土砂崩落による事故と安全配慮義務違反(労災)

交通事故

1 土砂崩落による事故と労災

東京地裁平成25年2月22日判決は、試掘作業中に土砂崩落が発生したために死亡した労働者の遺族から使用者に対する損害賠償請求を認めました。

土砂崩落による事故における安全配慮義務を考える上で参考になるものと思われますのでご紹介します。
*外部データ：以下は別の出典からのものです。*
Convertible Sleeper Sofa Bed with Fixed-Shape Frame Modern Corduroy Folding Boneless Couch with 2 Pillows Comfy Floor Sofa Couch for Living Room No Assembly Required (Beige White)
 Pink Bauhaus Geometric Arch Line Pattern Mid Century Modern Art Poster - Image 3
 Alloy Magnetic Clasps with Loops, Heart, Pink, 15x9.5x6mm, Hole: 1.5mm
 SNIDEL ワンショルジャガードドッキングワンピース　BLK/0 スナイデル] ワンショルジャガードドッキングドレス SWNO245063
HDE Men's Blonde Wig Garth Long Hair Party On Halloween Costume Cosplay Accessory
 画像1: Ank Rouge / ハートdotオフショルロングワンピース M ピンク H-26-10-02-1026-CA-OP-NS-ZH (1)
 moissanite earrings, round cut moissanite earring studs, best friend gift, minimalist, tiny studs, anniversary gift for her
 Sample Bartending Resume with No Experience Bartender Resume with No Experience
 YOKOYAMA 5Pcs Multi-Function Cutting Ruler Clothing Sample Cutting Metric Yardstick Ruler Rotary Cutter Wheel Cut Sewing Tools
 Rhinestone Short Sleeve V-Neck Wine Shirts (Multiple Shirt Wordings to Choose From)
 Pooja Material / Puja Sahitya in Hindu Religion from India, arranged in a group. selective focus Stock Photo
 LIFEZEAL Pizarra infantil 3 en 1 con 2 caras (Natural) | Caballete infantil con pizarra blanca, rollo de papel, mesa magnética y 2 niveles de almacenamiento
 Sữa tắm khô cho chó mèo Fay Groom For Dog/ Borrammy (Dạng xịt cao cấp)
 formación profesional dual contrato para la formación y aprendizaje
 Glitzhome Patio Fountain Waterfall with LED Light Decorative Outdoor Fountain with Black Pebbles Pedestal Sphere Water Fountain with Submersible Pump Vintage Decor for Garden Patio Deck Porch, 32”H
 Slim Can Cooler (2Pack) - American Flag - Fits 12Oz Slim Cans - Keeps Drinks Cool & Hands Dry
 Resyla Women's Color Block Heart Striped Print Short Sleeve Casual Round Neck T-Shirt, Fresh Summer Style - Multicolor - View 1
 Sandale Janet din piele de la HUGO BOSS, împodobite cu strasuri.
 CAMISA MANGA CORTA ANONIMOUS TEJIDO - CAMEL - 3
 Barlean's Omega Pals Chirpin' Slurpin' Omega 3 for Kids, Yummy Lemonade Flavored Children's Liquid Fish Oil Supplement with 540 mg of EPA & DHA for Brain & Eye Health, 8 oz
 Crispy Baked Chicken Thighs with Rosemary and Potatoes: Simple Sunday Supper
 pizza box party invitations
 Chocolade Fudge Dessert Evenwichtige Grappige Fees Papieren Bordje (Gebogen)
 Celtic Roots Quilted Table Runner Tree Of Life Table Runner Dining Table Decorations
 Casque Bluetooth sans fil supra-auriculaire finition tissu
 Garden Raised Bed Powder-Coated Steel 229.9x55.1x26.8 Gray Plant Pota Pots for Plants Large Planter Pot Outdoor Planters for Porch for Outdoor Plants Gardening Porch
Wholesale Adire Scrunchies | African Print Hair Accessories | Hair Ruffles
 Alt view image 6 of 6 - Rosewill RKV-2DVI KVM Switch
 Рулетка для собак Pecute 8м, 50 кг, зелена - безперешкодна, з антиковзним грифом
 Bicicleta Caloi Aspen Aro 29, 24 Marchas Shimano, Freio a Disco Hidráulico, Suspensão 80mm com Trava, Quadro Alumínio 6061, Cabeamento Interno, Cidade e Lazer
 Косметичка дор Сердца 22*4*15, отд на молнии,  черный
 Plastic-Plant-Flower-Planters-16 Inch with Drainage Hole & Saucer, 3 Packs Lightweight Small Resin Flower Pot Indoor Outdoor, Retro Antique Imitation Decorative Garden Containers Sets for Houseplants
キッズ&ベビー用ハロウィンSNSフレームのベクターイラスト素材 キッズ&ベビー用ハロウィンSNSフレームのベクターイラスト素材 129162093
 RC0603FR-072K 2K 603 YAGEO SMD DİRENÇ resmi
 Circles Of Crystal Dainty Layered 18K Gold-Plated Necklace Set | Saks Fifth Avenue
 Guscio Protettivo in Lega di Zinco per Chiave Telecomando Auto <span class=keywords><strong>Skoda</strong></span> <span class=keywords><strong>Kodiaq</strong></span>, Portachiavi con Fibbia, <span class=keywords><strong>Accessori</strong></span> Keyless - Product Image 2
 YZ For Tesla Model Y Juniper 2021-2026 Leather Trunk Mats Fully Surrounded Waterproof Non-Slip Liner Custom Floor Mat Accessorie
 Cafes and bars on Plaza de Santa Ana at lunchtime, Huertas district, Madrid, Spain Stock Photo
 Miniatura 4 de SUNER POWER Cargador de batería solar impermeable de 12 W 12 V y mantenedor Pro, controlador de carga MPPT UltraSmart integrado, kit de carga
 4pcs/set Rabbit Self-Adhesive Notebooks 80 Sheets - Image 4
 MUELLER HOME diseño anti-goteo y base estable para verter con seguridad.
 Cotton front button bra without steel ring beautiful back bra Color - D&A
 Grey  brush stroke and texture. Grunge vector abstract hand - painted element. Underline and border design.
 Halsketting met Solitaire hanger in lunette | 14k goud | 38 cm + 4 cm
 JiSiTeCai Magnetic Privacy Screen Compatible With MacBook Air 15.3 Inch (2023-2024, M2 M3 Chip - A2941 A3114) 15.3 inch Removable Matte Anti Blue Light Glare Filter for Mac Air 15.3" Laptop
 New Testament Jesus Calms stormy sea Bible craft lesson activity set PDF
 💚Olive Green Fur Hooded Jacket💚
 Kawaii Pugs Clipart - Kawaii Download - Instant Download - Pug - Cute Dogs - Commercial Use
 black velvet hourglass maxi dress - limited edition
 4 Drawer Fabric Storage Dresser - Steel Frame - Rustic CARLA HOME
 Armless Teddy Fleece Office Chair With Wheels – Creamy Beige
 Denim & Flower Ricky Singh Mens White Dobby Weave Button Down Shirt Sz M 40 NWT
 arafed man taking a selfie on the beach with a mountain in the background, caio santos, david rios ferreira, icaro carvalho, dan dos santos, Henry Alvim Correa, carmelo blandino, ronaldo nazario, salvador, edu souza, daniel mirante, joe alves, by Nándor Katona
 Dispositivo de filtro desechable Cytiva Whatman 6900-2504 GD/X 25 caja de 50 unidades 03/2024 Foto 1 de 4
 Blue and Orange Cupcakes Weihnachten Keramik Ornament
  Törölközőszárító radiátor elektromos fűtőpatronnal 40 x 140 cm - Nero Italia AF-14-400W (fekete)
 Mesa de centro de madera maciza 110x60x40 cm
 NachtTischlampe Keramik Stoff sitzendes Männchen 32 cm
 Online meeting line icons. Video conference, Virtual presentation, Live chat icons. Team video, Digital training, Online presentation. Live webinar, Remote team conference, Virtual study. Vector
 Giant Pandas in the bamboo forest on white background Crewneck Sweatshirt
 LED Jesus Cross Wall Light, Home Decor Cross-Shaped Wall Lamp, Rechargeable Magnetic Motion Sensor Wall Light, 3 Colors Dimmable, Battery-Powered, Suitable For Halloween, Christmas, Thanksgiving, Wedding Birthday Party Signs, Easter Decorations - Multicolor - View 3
同判決は、安全配慮義務違反について以下のような判断を示しています。

「本件事故の前日には台風の接近により大雨が降り,朝方まで雨が残っている状況であり,関係者が本件試掘調査を行えるかどうかを危ぶんでいたこと,本件試掘作業中2本目のトレンチが一部崩壊し,Bらでこれを修復したことに加え,乙14によれば,重機のオペレータであるLは,本件事故当日の地面は砂利に水がしたたっている状況であり,深く掘削すると崩れるおそれがあるのではないかと不安に思ったことが認められる。」
「以上によれば,本件事故は,本件土地の地盤が大雨により軟弱となっていたのに,掘削により土砂崩落に配慮することなくトレンチ掘削をしたために,トレンチ側壁の土砂が崩落し,生起したものであることが認められる。」
「前記(1)に説示のとおり,被告は,本件試掘調査については,少なくとも重機使用者や重機の使用によって危険が及び得る者の生命身体の保護のため安全に配慮すべき義務を負っていたというべきであるところ,本件試掘調査に立ち会った被告のK及びGは,本件事故の前日には台風の接近により大雨が降り,朝方まで雨が残っている状況であって,本件土地が軟弱になっており,本件土地においてトレンチを掘削すれば,壁面が崩落し,トレンチ内部で作業中の者の生命身体に危険が及ぶ可能性があったにもかかわらず,前記1(2)ア及びイに認定のとおり,本件試掘調査の実施に反対することなく掘削を開始させ,また,同調査の半ばで本件土地から離れて漫然と掘削作業を続行させ,そのために2本目のトレンチの壁面の一部が崩れるという本件事故の予兆も見逃し,掘削作業を中止することができなかったものであり,その結果Bは崩落した土砂に埋まり,死に至ったものであるから,被告にはBに対する安全配慮義務違反があったというべきである。」

 

このように、大雨により土砂崩落が懸念されうる状況があったのに、漫然と掘削作業をさせたことについて安全配慮義務違反を認めています。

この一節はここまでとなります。